COLLECTED MATERIAL
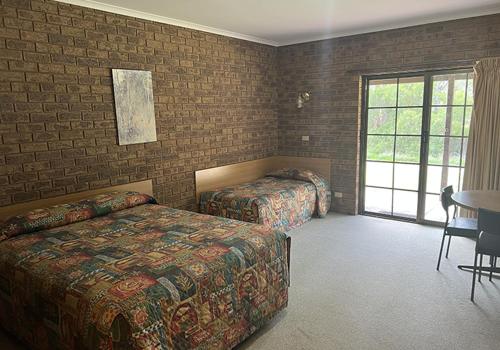 a bedroom with two beds and a table and a window at Tocumwal Early Settlers Motel in Tocumwal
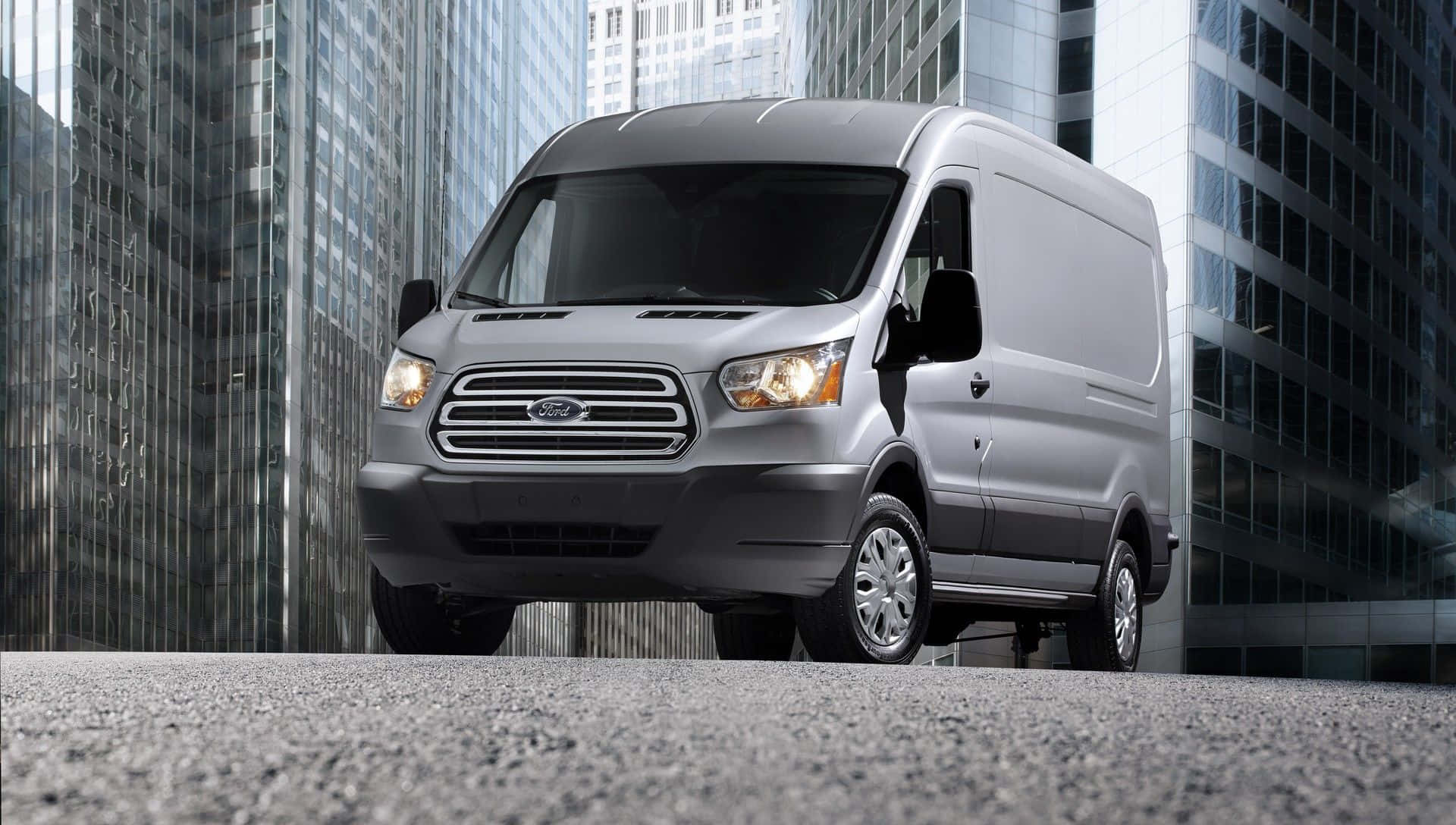 Ford Transit 桌布 壁紙 — 一輛銀色福特 Transit 客貨車停放在現代城市中高聳玻璃摩天大樓之間的柏油路面上。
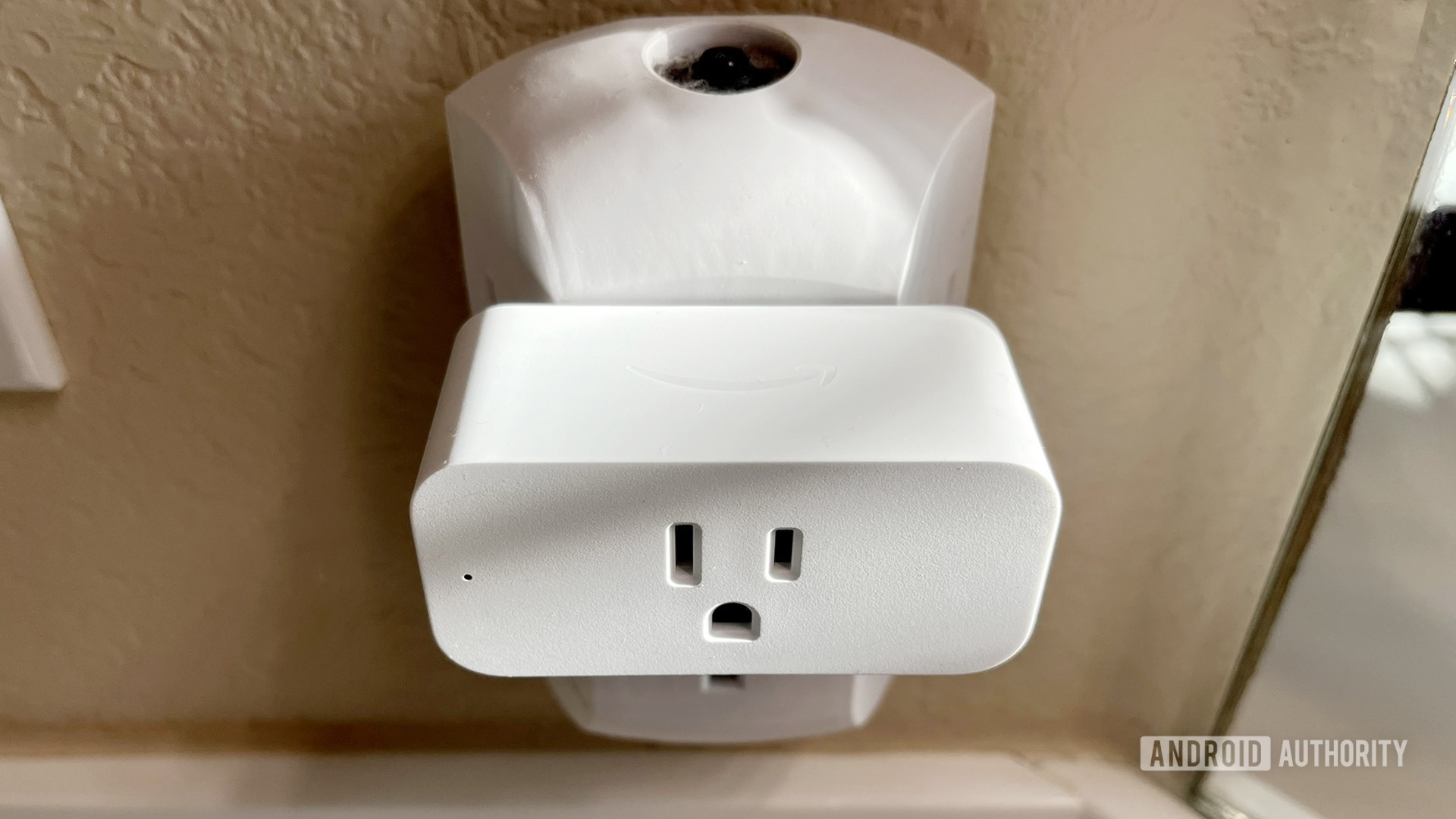A top-down view of the Amazon Smart Plug in a bathroom socket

TASK
Write out the material exactly, excluding pictures.

EXERCISE RESULT
 a bedroom with two beds and a table and a window at Tocumwal Early Settlers Motel in Tocumwal
 Ford Transit 桌布 壁紙 — 一輛銀色福特 Transit 客貨車停放在現代城市中高聳玻璃摩天大樓之間的柏油路面上。
A top-down view of the Amazon Smart Plug in a bathroom socket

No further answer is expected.